Proportional representation in public administration is in tension with the meritocratic principle. For certain occupational profiles the meritocratic principle, however, prevails, not least out of necessity. In addition, the need for bilingualism is an obstacle to attract highly specialized persons. More in general, in the logic of proportional representation, the larger the German language group becomes, the fewer resources Italians and Ladins are entitled to. Results from the 2021 census in October will show whether the numerical strength of German-, Italian- and Ladin-speakers will significantly differ from the data collected in 2011 (see above) and, if so, to what extent that prompts discussions on the functioning of the quota system.

The veto right of each language group in the end is a blunt weapon. It requires a two-thirds majority of the deputies of the same language group represented in the provincial parliament. The Italian language group has tried to use it several times but failed because it does not appear as a homogeneous, corporate group due to the strong party fragmentation. It thus has never achieved the two-thirds majority in the provincial parliament (Pallaver 2018, pp. 21-22, 29).

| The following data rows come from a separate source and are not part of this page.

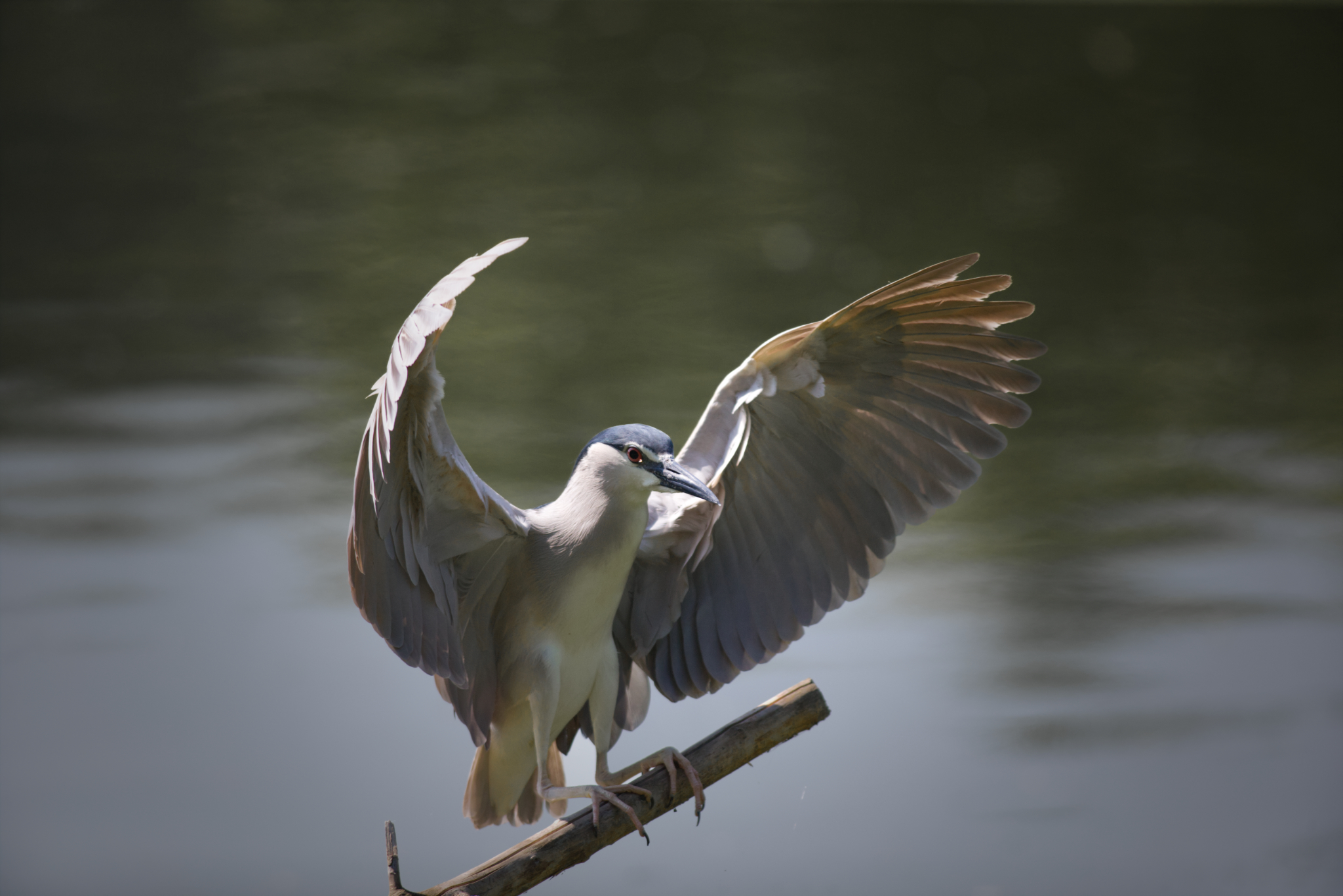 Direttore d'orchestra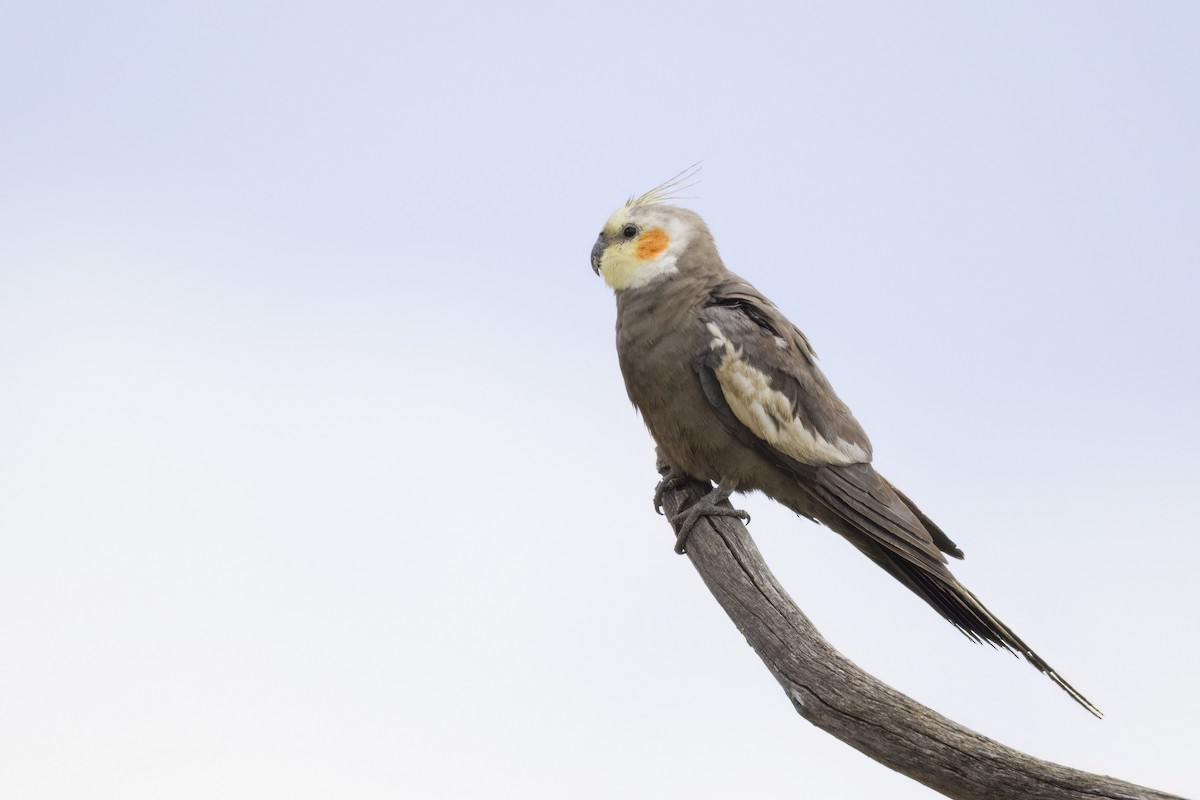 Cockatiel - ML647453200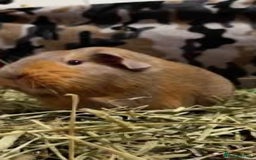 Guinea Pig rodents for sale: GUNIEA PIG URGENTLY NEED HOME - Image 1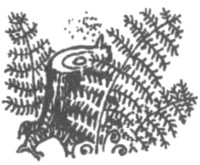 Иллюстрация к книге — Ночные стражи. Изгнанник [i_016.jpg]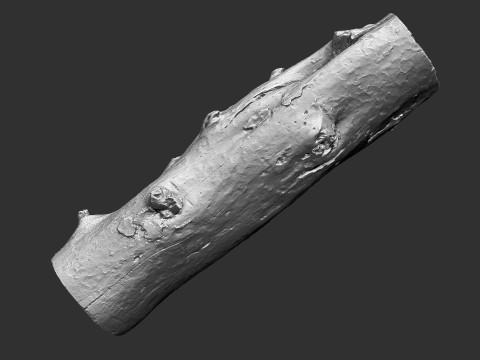 Baumstamm Holz ZBrush Gravur Highpoly 3D Modell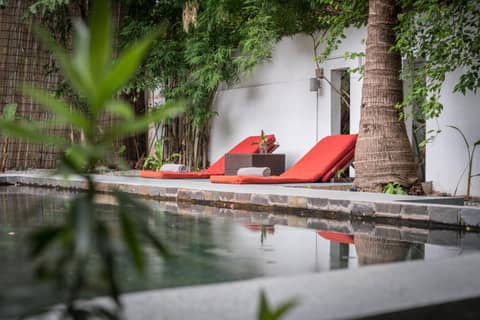 Maison 557 — recepcion & lobby
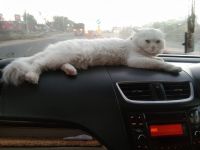 Persian Cats for sale in Ajmer, Rajasthan, India. price: 7,000 INR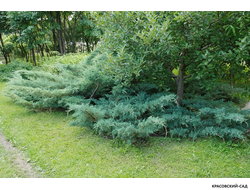 Можжевельник Пфитцериана Глаука - Pfitzeriana Glauca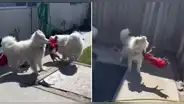 Perros fueron regañados por su dueña tras jugar toscamente con una chihuahua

Vertical Power-sharing: The Relations between South Tyrol and Rome, and Austria

South Tyrol’s design of the process of implementation has been defined as the legal masterpiece of the ASt (Palermo 2008, p. 143): It consists of a complex mix of procedural rules and substantial guarantees that represent one of the possible tools for export of South Tyrol’s autonomy.


The Commission of Six

The process of implementation of the ASt, in essence, involves all institutional actors (i.e. central and provincial authorities) and language groups, with an appointed expert body named Commission of Six as the main body that drafts the bylaws to the ASt (i.e. enactment decrees that prevail over laws of the national parliament, also in the interpretative line consistently followed by the constitutional court).

Although it was foreseen that the Commission of Six would cease to exist once the ASt is implemented (thus after 1992 when the conflict was formally closed at UN level), it continued to work. It has evolved from a tool for the implementation of the ASt into an ordinary instrument of government that builds trust and solves conflicts between language groups/political parties within South Tyrol, and between provincial and central authorities (in South Tyrol and in Rome).

Depending on the political climate at the national level, the Commission of Six continues to regulate competence-transfers from Rome to South Tyrol with varying degrees of success in different legislatures. This means that the scope of South Tyrol’s autonomy, unlike that of other special regions, today goes well beyond the enumerated competences in the ASt (i.e. those closely linked to the implementation of the minority-related horizontal power-sharing system at provincial level). Eurostat data (2019) shows that South Tyrol uses this scope well. When compared to other regions, South Tyrol’s economy is well-off: It has one of the best performing labor markets in Europe, is ranked among the 25 richest regions in Europe and with Aosta it also has the highest GDP per capita within Italy.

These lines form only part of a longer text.